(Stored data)
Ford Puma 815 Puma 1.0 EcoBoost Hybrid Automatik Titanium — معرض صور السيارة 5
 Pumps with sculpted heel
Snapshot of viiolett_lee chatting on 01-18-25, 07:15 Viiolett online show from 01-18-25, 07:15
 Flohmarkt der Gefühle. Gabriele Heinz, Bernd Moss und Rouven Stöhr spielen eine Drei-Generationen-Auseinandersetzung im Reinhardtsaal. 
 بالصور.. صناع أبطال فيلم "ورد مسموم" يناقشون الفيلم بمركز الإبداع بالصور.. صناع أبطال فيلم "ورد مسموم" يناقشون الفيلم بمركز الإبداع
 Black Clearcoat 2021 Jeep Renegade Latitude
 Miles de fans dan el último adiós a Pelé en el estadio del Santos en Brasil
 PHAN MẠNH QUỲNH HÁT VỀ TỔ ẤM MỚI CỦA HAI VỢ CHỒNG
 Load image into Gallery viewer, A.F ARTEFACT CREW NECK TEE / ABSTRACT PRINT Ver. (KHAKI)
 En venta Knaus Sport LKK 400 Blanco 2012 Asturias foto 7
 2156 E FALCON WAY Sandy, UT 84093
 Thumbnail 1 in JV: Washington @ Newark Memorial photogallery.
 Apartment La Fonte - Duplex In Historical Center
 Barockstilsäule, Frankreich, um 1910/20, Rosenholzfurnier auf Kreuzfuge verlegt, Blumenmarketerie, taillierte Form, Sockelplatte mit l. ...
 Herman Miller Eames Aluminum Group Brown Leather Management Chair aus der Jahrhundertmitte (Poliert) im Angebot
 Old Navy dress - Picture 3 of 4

**Problem description**
Return every line above exactly as it stands.

**Solution to this task**
Ford Puma 815 Puma 1.0 EcoBoost Hybrid Automatik Titanium — معرض صور السيارة 5
 Pumps with sculpted heel
Snapshot of viiolett_lee chatting on 01-18-25, 07:15 Viiolett online show from 01-18-25, 07:15
 Flohmarkt der Gefühle. Gabriele Heinz, Bernd Moss und Rouven Stöhr spielen eine Drei-Generationen-Auseinandersetzung im Reinhardtsaal. 
 بالصور.. صناع أبطال فيلم "ورد مسموم" يناقشون الفيلم بمركز الإبداع بالصور.. صناع أبطال فيلم "ورد مسموم" يناقشون الفيلم بمركز الإبداع
 Black Clearcoat 2021 Jeep Renegade Latitude
 Miles de fans dan el último adiós a Pelé en el estadio del Santos en Brasil
 PHAN MẠNH QUỲNH HÁT VỀ TỔ ẤM MỚI CỦA HAI VỢ CHỒNG
 Load image into Gallery viewer, A.F ARTEFACT CREW NECK TEE / ABSTRACT PRINT Ver. (KHAKI)
 En venta Knaus Sport LKK 400 Blanco 2012 Asturias foto 7
 2156 E FALCON WAY Sandy, UT 84093
 Thumbnail 1 in JV: Washington @ Newark Memorial photogallery.
 Apartment La Fonte - Duplex In Historical Center
 Barockstilsäule, Frankreich, um 1910/20, Rosenholzfurnier auf Kreuzfuge verlegt, Blumenmarketerie, taillierte Form, Sockelplatte mit l. ...
 Herman Miller Eames Aluminum Group Brown Leather Management Chair aus der Jahrhundertmitte (Poliert) im Angebot
 Old Navy dress - Picture 3 of 4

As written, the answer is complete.